As downloads of open-source AI models and frameworks are expected to surge explosively in 2026, NVIDIA announced a major update to its desktop AI development platform, DGX Spark, at CES 2026. This update delivers performance gains of up to 2.5× through software optimization alone, while also introducing a new suite of tools and workflows tailored for Agentic AI development. Notably, DGX Spark can now operate in tandem with the latest RTX 5090 GPU, significantly accelerating 3D content creation pipelines.
NVIDIA emphasized that since the launch of DGX Spark, continuous tuning in collaboration with the open-source community, along with updates to the software stack, has resulted in substantial performance improvements.
According to official benchmarks, performance on the Qwen-235B model has increased by more than 2.5× compared to the initial release, thanks to the latest version of TRT-LLM and the NVFP4 quantization technique. Stable Diffusion 3.5 Large and PyTorch fine-tuning workloads have also seen gains exceeding 2×. This means developers can achieve markedly faster inference and training speeds on the same hardware. To further lower the barrier to entry, NVIDIA has released seven new Playbooks—practical development guides covering everything from inference and fine-tuning to data science:
- Inference: Expanded support for VLLM, SGLang, and TRT-LLM, along with speculative decoding.
- Fine-Tuning: A major highlight of this release. DGX Spark now supports PyTorch fine-tuning across two linked DGX Spark systems, which is particularly valuable for memory-intensive workloads such as FLUX.1 Dreambooth LoRA and LLAMA Factory fine-tuning.
- Tools: Addressing one of developers’ most persistent challenges—CUDA programming—NVIDIA introduced Nsight Copilot, an AI assistant that runs offline directly on DGX Spark devices. It helps generate CUDA kernel code (such as FP4 matrix multiplication) while ensuring sensitive data never leaves the device. DGX Spark is no longer just a standalone workstation; it can now also function as a powerful external accelerator.
- MacBook Pro Acceleration: Connected over a local network, DGX Spark can boost AI video generation on MacBook Pro systems (M4 Max and above) by up to 8×. In ComfyUI, generating 4K video with FLUX.1 and WAN 2.2 models previously took eight minutes—now it takes just one.
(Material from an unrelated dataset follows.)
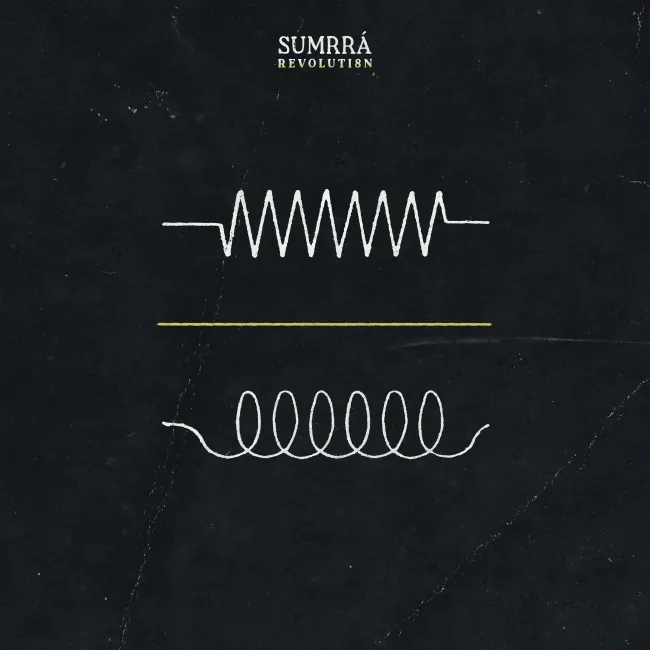 Portada de Revoluti8n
- RTX 5090 Collaboration: For game mod creators, NVIDIA demonstrated a collaborative workflow combining RTX 5090 and DGX Spark. Creators can handle mod editing on the RTX 5090 while offloading time-consuming texture generation tasks to DGX Spark, enabling a seamless and uninterrupted RTX Remix creative experience.
In the realm of Physical AI, NVIDIA also announced a partnership with Hugging Face to power the open-source robot Reachy Mini using DGX Spark. Developers can leverage DGX Spark’s computational capabilities to build AI agents and directly control this compact robot, designed specifically for human–machine interaction experiments.
In addition, the NVIDIA AI Enterprise software suite will officially add support for DGX Spark by the end of January. This unlocks a wide range of edge-AI scenarios, including quality inspection in smart manufacturing, loss-prevention analytics in retail, and real-time analysis at the point of care in healthcare settings. In my view, as AI models continue to grow larger, the rising cost and privacy concerns of cloud-based inference are becoming increasingly apparent. This DGX Spark update clearly reinforces NVIDIA’s strategic moat in on-premises AI development.
By enabling dual-system fine-tuning and on-device execution of Nsight Copilot, NVIDIA directly addresses enterprises’ core concern: keeping data in-house. Meanwhile, cross-platform collaboration with RTX 5090 GPUs and MacBooks elevates DGX Spark from a pure compute platform into an indispensable “AI power add-on” on the desks of creators and developers alike. With OEM partners such as ASUS, Dell, HP, and Lenovo joining the ecosystem to launch DGX Spark–based designs, 2026 is poised to deliver a wave of desktop-class AI solutions built on this architecture.